:: Work request ::
Word for word and without images, transcribe all of the records.

*** Opening Records supplied ***

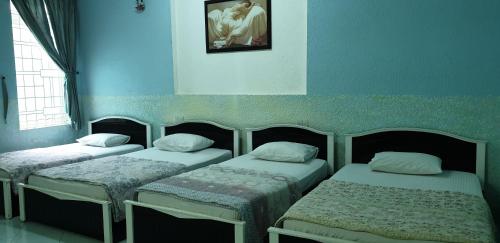 three beds in a room with blue walls at Bac Huong Hotel in Kon Tum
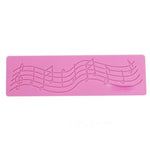 Stampo in silicone per decorazione torta note musicali 20x6 cm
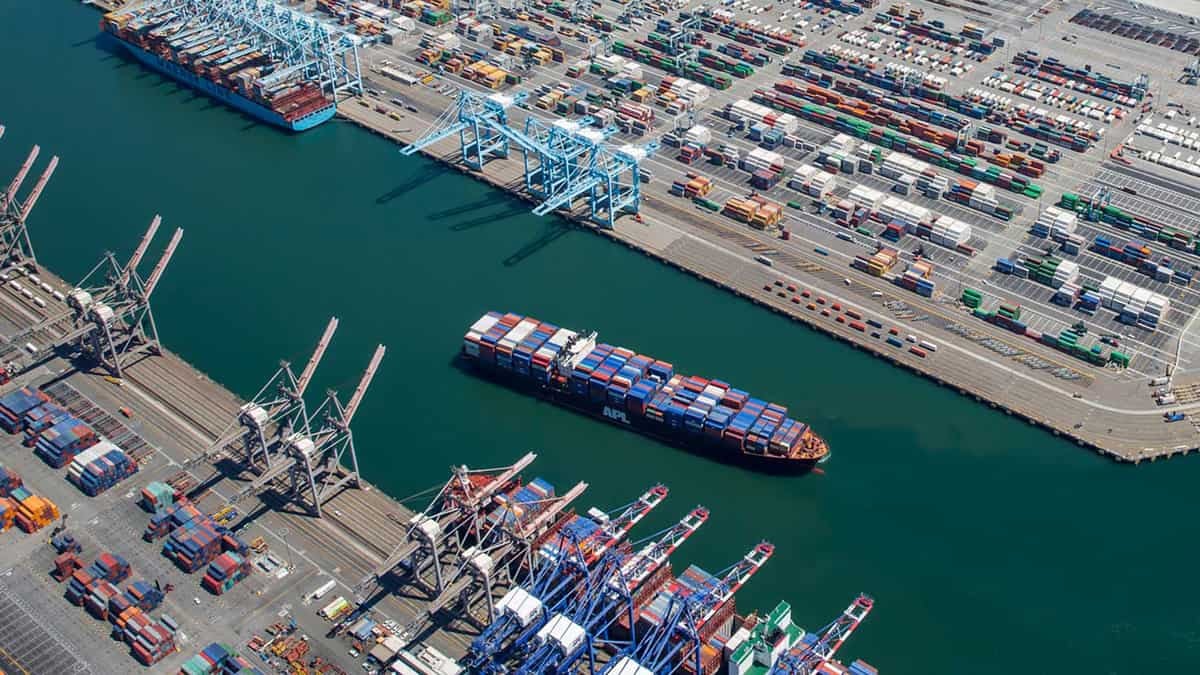 A photograph of a container vessel sailing into a shipping channel at a port. There are cranes at the dock and hundreds of container boxes sitting on land.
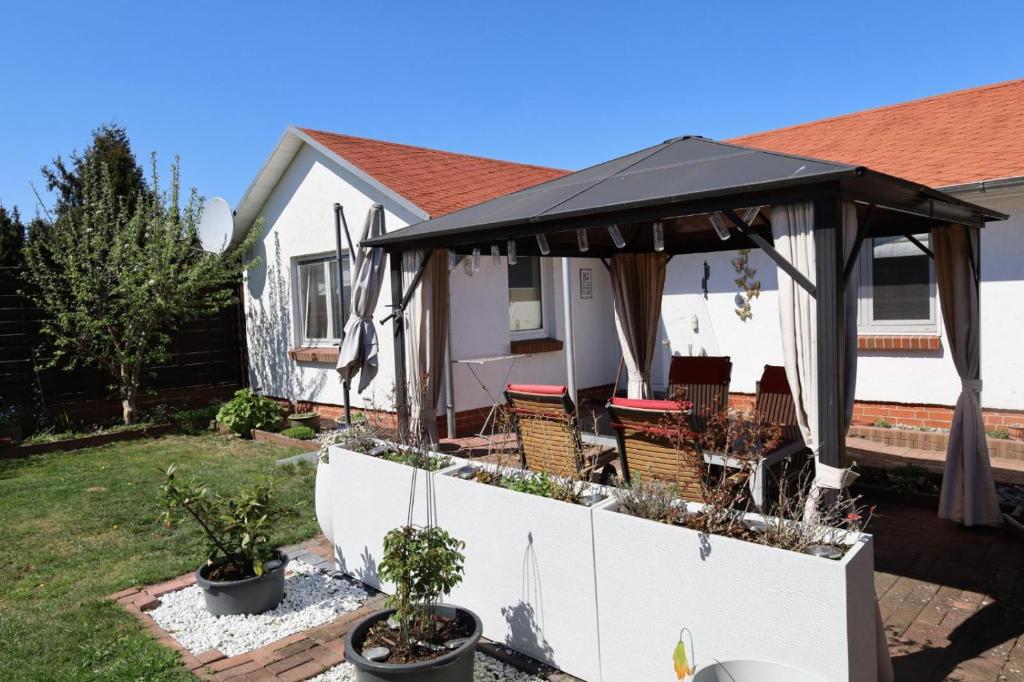 a patio with a black umbrella on a house at Ferienbungalow Meerjungfrau im Seebad Ueckermünde in Ueckermünde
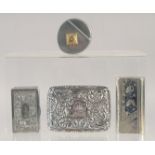 THREE WHITE METAL SNUFF BOXES AND A ROUND SNUFF BOX. (4).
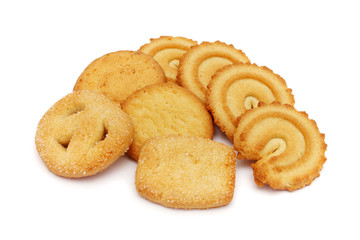 Many pieces of cookies stacked on white background.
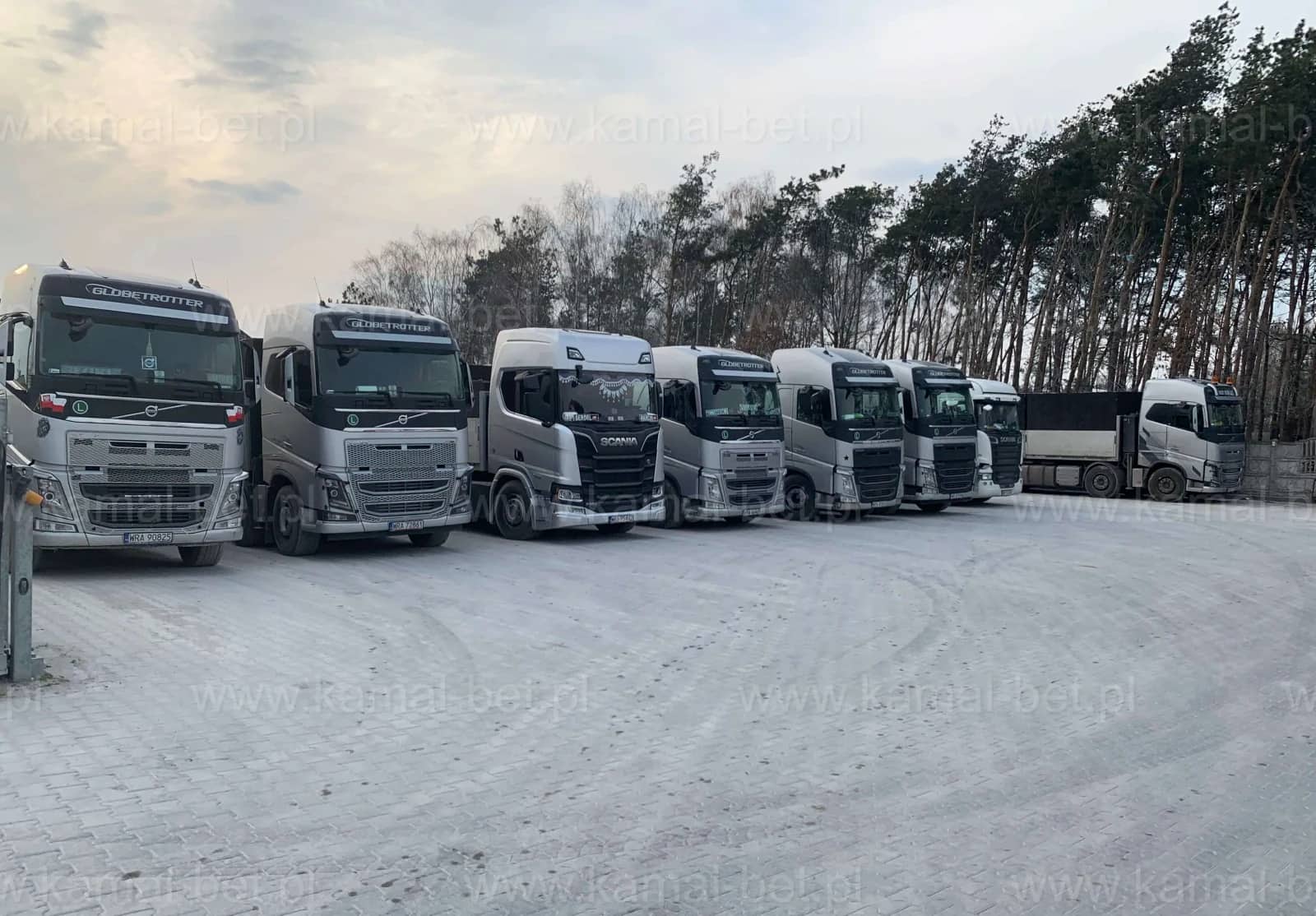 Flota Kamal-Bet — rząd ciągników siodłowych Volvo i Scania zaparkowanych na placu firmowym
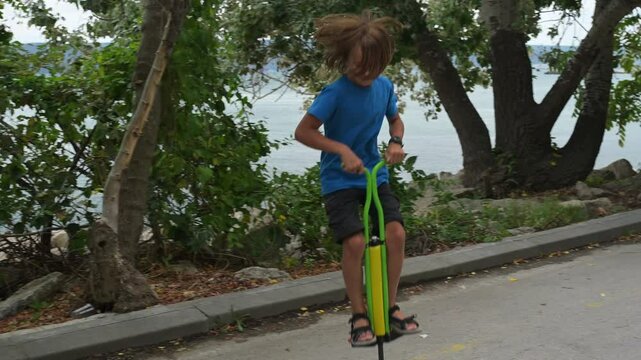 A young boy on a green pogo stick plays joyfully by the seaside, near rocks and trees. The tranquil ocean and a distant pier create a serene and adventurous atmosphere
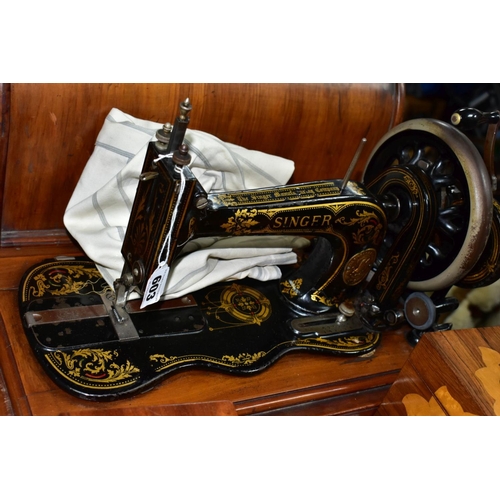 603 - A LATE VICTORIAN SINGER SEWING MACHINE, complete with wooden case, together with drawing instruments... 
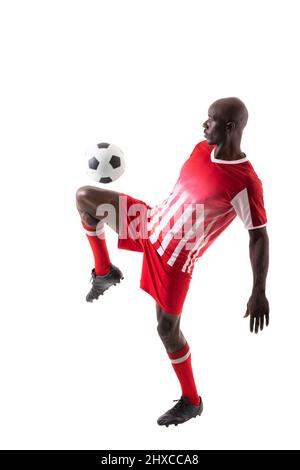 Skilled male african american soccer player kicking ball over white background Stock Photo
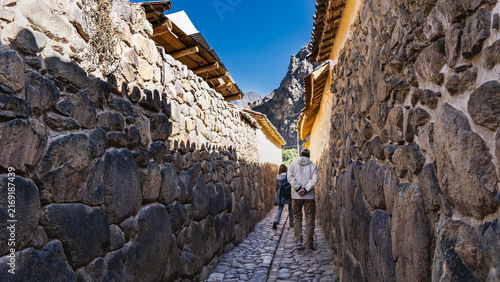 Canvas Print People are walking along a narrow paved street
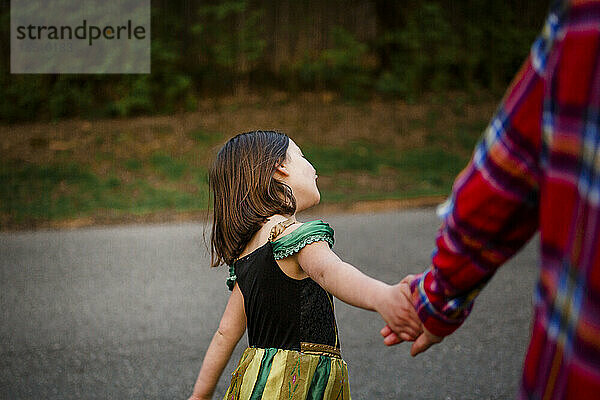 Ein kleines Kind im Prinzessinnenkostüm hält beim Spaziergang die Hände seines Vaters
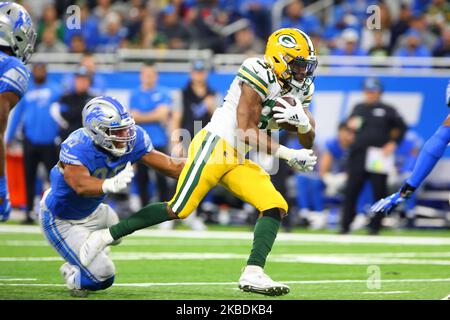 Green Bay Packers running back Aaron Jones (33) runs for yardage during the second half of an NFL football game against the Detroit Lions in Detroit, Michigan USA, on Sunday, December 29, 2019. (Photo by Amy Lemus/NurPhoto) Stock Photo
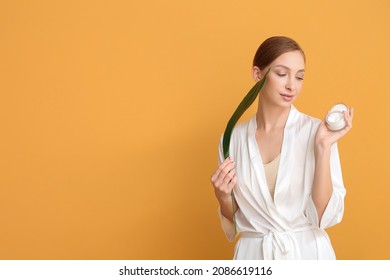 Beautiful Young Woman With Facial Cream And Tropical Leaf On Color Background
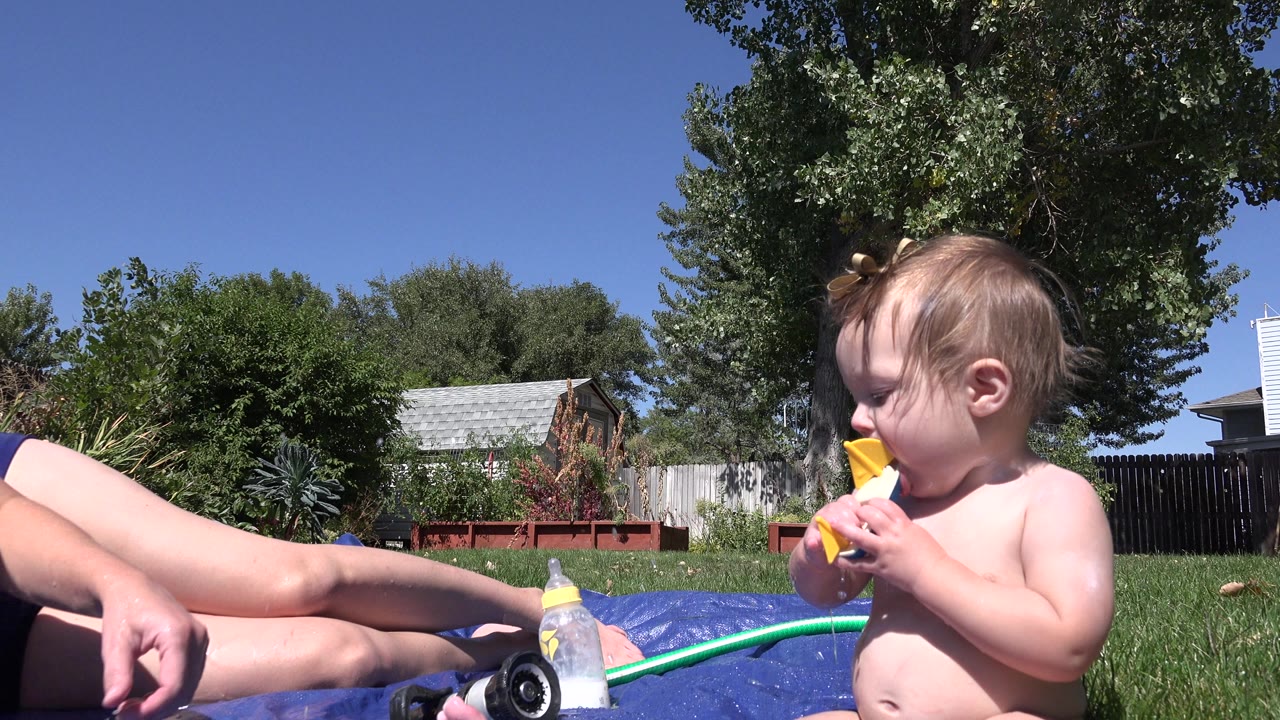 At 0:00 in Westminster, Colorado, a toddler sits on grass beside a blue mat and chews a yellow and blue toy boat while an adult's legs are partly visible at left.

*** Closing Records supplied ***

:: Solved exercise ::
 three beds in a room with blue walls at Bac Huong Hotel in Kon Tum
 Stampo in silicone per decorazione torta note musicali 20x6 cm
 A photograph of a container vessel sailing into a shipping channel at a port. There are cranes at the dock and hundreds of container boxes sitting on land.
 a patio with a black umbrella on a house at Ferienbungalow Meerjungfrau im Seebad Ueckermünde in Ueckermünde
 THREE WHITE METAL SNUFF BOXES AND A ROUND SNUFF BOX. (4).
 Many pieces of cookies stacked on white background.
 Flota Kamal-Bet — rząd ciągników siodłowych Volvo i Scania zaparkowanych na placu firmowym
 A young boy on a green pogo stick plays joyfully by the seaside, near rocks and trees. The tranquil ocean and a distant pier create a serene and adventurous atmosphere
 603 - A LATE VICTORIAN SINGER SEWING MACHINE, complete with wooden case, together with drawing instruments... 
 Skilled male african american soccer player kicking ball over white background Stock Photo
 Canvas Print People are walking along a narrow paved street
 Ein kleines Kind im Prinzessinnenkostüm hält beim Spaziergang die Hände seines Vaters
 Green Bay Packers running back Aaron Jones (33) runs for yardage during the second half of an NFL football game against the Detroit Lions in Detroit, Michigan USA, on Sunday, December 29, 2019. (Photo by Amy Lemus/NurPhoto) Stock Photo
 Beautiful Young Woman With Facial Cream And Tropical Leaf On Color Background
 At 0:00 in Westminster, Colorado, a toddler sits on grass beside a blue mat and chews a yellow and blue toy boat while an adult's legs are partly visible at left.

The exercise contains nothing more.